This was not the first time Clark had "erred", and this was another example of his "track record of failure" Muller said.
"When we're all locked down he's on a mountain bike – not only once, but twice. When we're all locked down he's moving a house. When we're dealing with the greatest health crisis of a generation, he's back home – he's not in Wellington – the Prime Minister's largely running it".
The fact that Clark still had his job was an example of Ardern "covering for him", and was a bad look for the Coalition Government, Muller said.
"When you look at the scale of the impact that sits in front of us as a country – 40,000 people lost their jobs in April, another 80,000 are expected to lose their jobs by September, 120,000 by Christmas and we've got a border that's shambolic – unacceptable".
Meanwhile Muller was also unhappy with reports that Speaker Trevor Mallard had spent $243,000 on a kids' slide as part of a children's playground at Parliament.
The slide was $76,000 over budget and engineering and architect fees were $73,000 over.

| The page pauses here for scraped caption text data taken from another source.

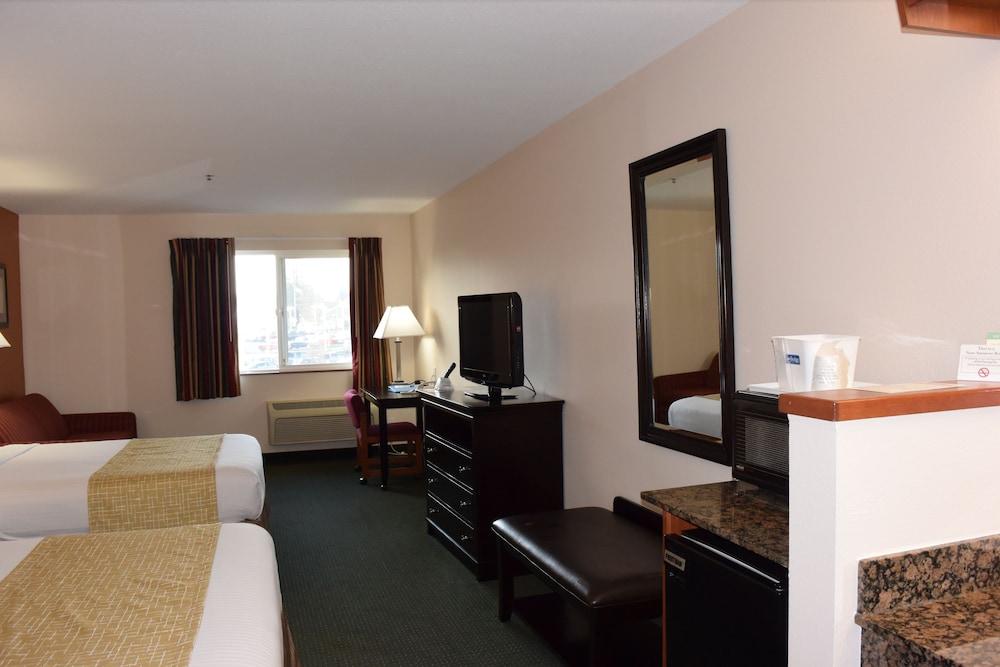 Travelodge Suites by Wyndham Newberg photo 87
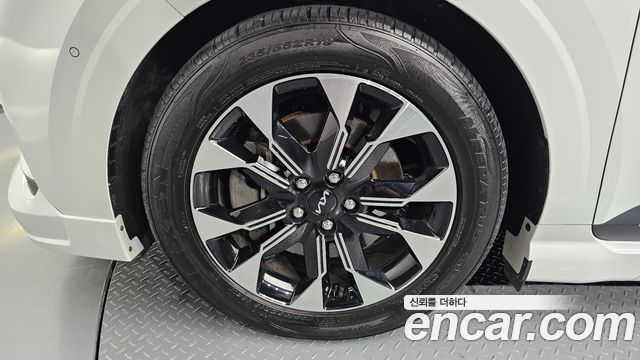 Kia Carnival (IV) Gasoline 7-seater Limousine(Special vehicle) 2023 — фото 5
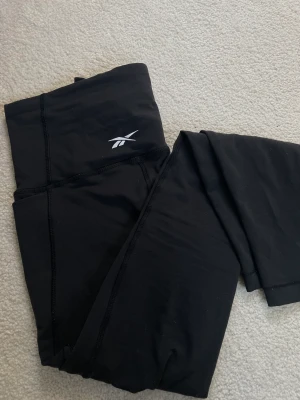 Reebok tights - Fina svarta tights från reebok i storlek XS, använda men i bra skick. Säljer då de inte kommer till användning längre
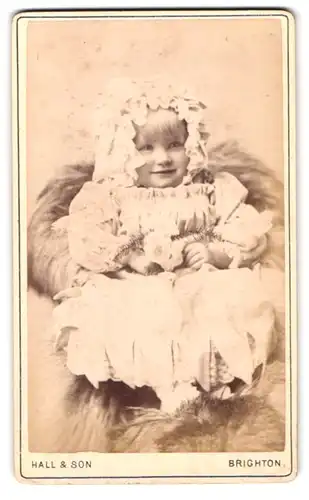 Fotografie Hall & Son, Brighton, 80, West Street, Kleines Mädchen im weissen Kleid mit blonden Haaren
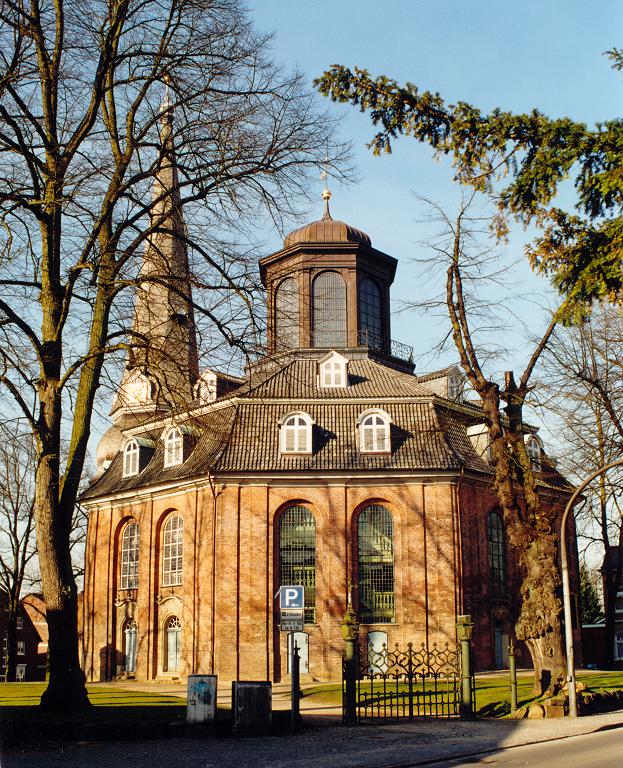 Terrassendach-Fachbetriebe in Rellingen: Rellinger Kirche – Foto: Uwe Barghaan Terrassendach-Fachbetriebe in Rellingen: Rellinger Kirche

Muller said this was an example of the Coalition Government's lack of experience with financial matters.
"When you look at this lot, they just spend money, they've never valued it because they've never worked in the private sector, because they don't understand how hard it is to earn it in the first place; they don't value it".
A Government that did not understand the value of money could be detrimental to New Zealand's future, according to Muller.
"From their perspective it's totally cool to have a 20 billion dollar contingency fund in the next 10 weeks to try and win an election; without any regard to the fact that in four years time we've got 140 billion dollars worth of debt that my kids and their kids have to pay back".